Published 23 Sep 2016
What is Staircasing?
Staircasing is a process where an owner of a Shared Ownership property purchases further shares of the property from the housing association who owns the remaining part.
An owner can usually purchase in blocks (tranches) of 10% or more. However as there are valuation and legal fees to pay, a leaseholder would be well advised to buy the largest additional share they can afford at the time of staircasing.
Tanya Hills from Direction Law, one of Peabody’s panel mortgage advisers, helps to explain the process:
What is intermediate staircasing?
This is the purchase of a share which increases the amount owned by the leaseholder, but not to 100% (e.g. staircasing from 50% to 75%). After intermediate staircasing the leaseholder remains a shared owner.
A valuation is carried out and the price payable for the share is based on this. Once the share has been bought there is a corresponding reduction in the amount of rent paid to the housing association, as you only pay rent on the share you do not own.
What is final staircasing?
Once the final share has been purchased, the owner will own 100% of the property and hence no longer be a shared owner.
If the property is a house then the former shared owner will become the owner of a freehold property following final staircasing.
With a flat, the property will still be leasehold which means that service charges continue to be payable. However, the “Specified Rent” payable to the association is reduced to nil, although in some cases a small ground rent may still be payable. Also, certain provisions of the lease will be excluded so that it is no longer a Shared Ownership lease.
As with an intermediate staircasing, the price payable is based on the current market value of the property as assessed by a valuer.
How do I pay for my staircasing?
The additional share can be bought either with savings or with the assistance of a mortgage.
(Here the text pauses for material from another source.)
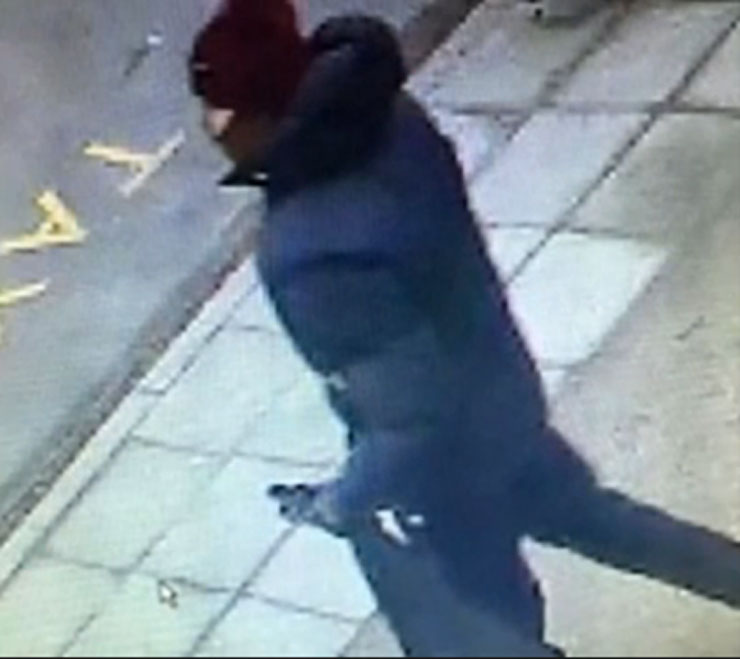 Φοράει σκούρο μπουφάν, σκούφο και κρατάει μαύρο σακίδιο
If paying for it with a mortgage, then this may be either by way of a further advance from your existing lender or a remortgage i.e. a new loan from another lender.
In the case of an interim staircasing, the mortgage offer must be approved by the association and the additional borrowing must be no more than the amount being paid for the additional share. With a final staircasing the mortgage does not have to be approved by the association and there are no rules limiting the amount you can borrow.
SDLT on staircasing
Stamp Duty Land Tax is not payable on intermediate staircasing unless the share owned following staircasing is over 80%, in which case the transaction is treated for tax purposes as though it were a final staircasing.
The rules regarding Stamp Duty Land Tax on final staircasing transactions are extremely complicated.
If you paid duty on the full market value at the time you bought your initial share then no further duty is payable on final staircasing, however it is not often that shared owners choose to pay on the full value when they first buy.
Otherwise, the premiums paid for the initial share, any intermediate shares and the final share are added together to determine the rate of tax payable on the final share. Duty is then paid at the applicable rate proportionate to the amount being paid for the final share, even if the price being paid is at a level where the transaction would normally be either exempt or chargeable at a lower rate.